Jojoba Hills: A Community Built on Cookies (Literally)
- Jojoba Hills

- 7 days ago
- 2 min read

Long before Jojoba Hills had paved roads, sparkling facilities, or a reputation for being the friendliest co‑op in the West, it had something far more powerful: cookies.
In the early days, when the park was little more than a dream sketched in desert dust, volunteers showed up with shovels, rakes, and a willingness to build something out of nothing. What they didn’t show up for was money — because there wasn’t any. What we did have was a bottomless supply of homemade cookies, and it turned out that was more than enough.
Need someone to dig a trench? “Sure — is there a chocolate chip cookie in it for me?”
Need a crew to raise a storage shed? “Absolutely — but save me one of those oatmeal raisin cookies.”
Need a team to move a boulder the size of a small Buick? “Fine — but I want two snickerdoodles and a brownie.”
And so the park rose, one cookie‑fueled work party at a time.

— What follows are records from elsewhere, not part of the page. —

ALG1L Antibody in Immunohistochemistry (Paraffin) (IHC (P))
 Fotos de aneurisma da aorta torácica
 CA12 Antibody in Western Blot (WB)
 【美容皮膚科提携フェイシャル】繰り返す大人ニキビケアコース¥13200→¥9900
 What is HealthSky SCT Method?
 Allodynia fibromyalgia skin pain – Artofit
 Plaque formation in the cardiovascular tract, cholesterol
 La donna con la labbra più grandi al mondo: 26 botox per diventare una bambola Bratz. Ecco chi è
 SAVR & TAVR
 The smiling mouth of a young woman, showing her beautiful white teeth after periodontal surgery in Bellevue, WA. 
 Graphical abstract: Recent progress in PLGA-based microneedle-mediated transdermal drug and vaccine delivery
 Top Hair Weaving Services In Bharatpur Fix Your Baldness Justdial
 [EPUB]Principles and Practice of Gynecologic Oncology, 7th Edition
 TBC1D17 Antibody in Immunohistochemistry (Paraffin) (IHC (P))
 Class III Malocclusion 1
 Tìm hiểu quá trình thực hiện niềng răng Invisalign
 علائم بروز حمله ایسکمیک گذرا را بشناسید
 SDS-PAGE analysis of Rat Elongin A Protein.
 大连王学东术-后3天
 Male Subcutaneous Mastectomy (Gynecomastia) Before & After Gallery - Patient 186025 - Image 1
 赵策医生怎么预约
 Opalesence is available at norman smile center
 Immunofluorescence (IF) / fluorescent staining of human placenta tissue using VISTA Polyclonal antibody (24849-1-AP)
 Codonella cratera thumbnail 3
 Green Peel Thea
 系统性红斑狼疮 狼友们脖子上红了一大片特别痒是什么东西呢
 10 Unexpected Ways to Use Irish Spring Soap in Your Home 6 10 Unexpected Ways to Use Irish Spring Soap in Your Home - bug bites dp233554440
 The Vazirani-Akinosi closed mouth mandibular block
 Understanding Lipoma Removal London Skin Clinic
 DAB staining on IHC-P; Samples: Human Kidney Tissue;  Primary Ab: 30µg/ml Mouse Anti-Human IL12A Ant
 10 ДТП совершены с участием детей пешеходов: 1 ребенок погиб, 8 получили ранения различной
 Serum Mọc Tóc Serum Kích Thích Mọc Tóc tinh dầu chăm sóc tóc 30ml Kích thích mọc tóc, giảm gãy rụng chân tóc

Today, decades later, the tradition continues. Our volunteers still keep Jojoba Hills running — maintaining roads, landscaping the grounds, painting the gate, and solving problems before most people have finished their morning coffee. And while we’ve upgraded our tools, improved our processes, and added far more amenities, one thing has never changed:
We still pay in cookies.
It’s not a wage. It’s a thank you. It’s not compensation. It’s community. It’s not a transaction. It’s a tradition — one that reminds us that Jojoba Hills wasn’t built by contractors or corporations, but by neighbors who believed in the place enough to roll up their sleeves and accept a fresh cookie as fair payment for a hard day’s work.
So today when someone is trimming a tree, painting a shed, or wrangling a wheelbarrow across the park, you can be sure of two things:
1. They’re a volunteer.
2. There’s a cookie waiting for them somewhere.
At Jojoba Hills, we don’t just build community — we bake it.